Choose your design and pattern of the clothing you will be making, then match them to your materials. For example, a standard shirt will need a minimum of three deer hides, or one large elk hide. Leggings or trousers will need at least one, possibly two deer hides per leg, or one large elk hide. These hides must be absolutely tanned to perfection, butter soft and golden yellow in hue.
Measure your body for the materials. Depending on what type of garment and what style of clothing you are making, the amount of material you use will vary greatly, but the measurements of how they fit to your body will remain the same regardless.

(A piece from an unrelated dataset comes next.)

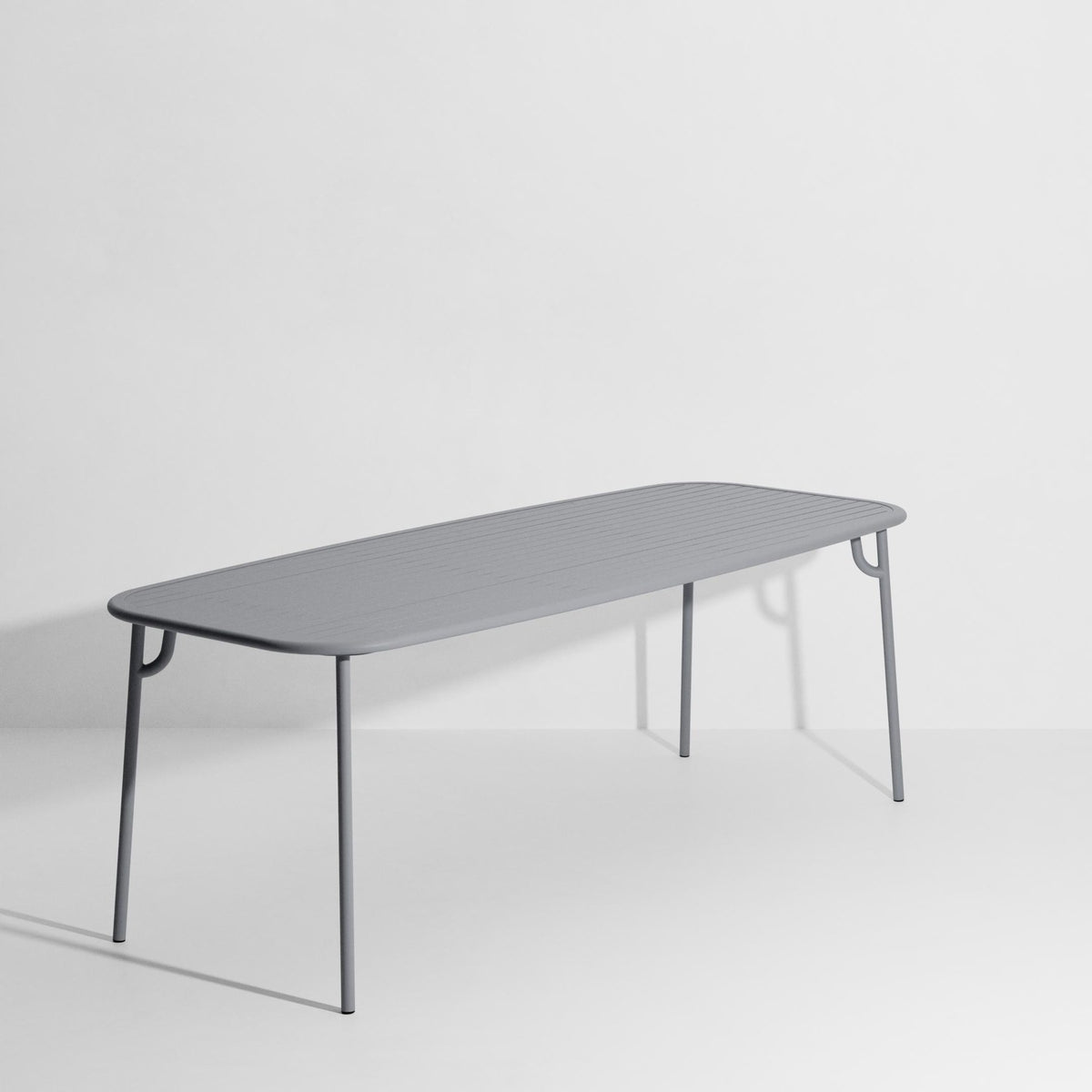 Week-End Tisch Large von Petite Friture in Pigeon Blue: ovaler Gartentisch aus Aluminium mit gerahmten, streifenartigen Lamellen.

Always allow some space over your measurements for the room to move about and be comfortable in your buckskin clothes. It is also critical that you make sure your hides have been treated so they will not shrink when wet. In the old days, they did this with smoking. Now it is a chemical process.
Using the awl, and applying pressure against the pointed end, mark your pattern on the hides. Check and double check your measurements! You cannot afford to mess up and ruin the buckskin you have worked so hard to attain. Cut out the pattern and align your garments. Remember to allow plenty of extra room on the edges for beautiful fringe work.
Sew your clothes according to the pattern. Authentic looks use sinew or simulated sinew thread. But you can use heavy duty sewing thread. Make sure you do a good job, and that you make clean punctures with your awl. Do not tear your buckskin; if you do, you will need to surround the hole with stitches to prevent further tearing. Buckskin is SKIN, and once a tear starts, it is likely to continue unless you use preventative measures.
Decorate your clothes. Authentic buckskin clothes almost always had some fringe, so take the time and create as much or as little fringework as you want. You may also add beadwork, bells, feathers, horsehair and any other materials you choose. This is also the step where you would use your colored dyes to create patterns on the buckskin.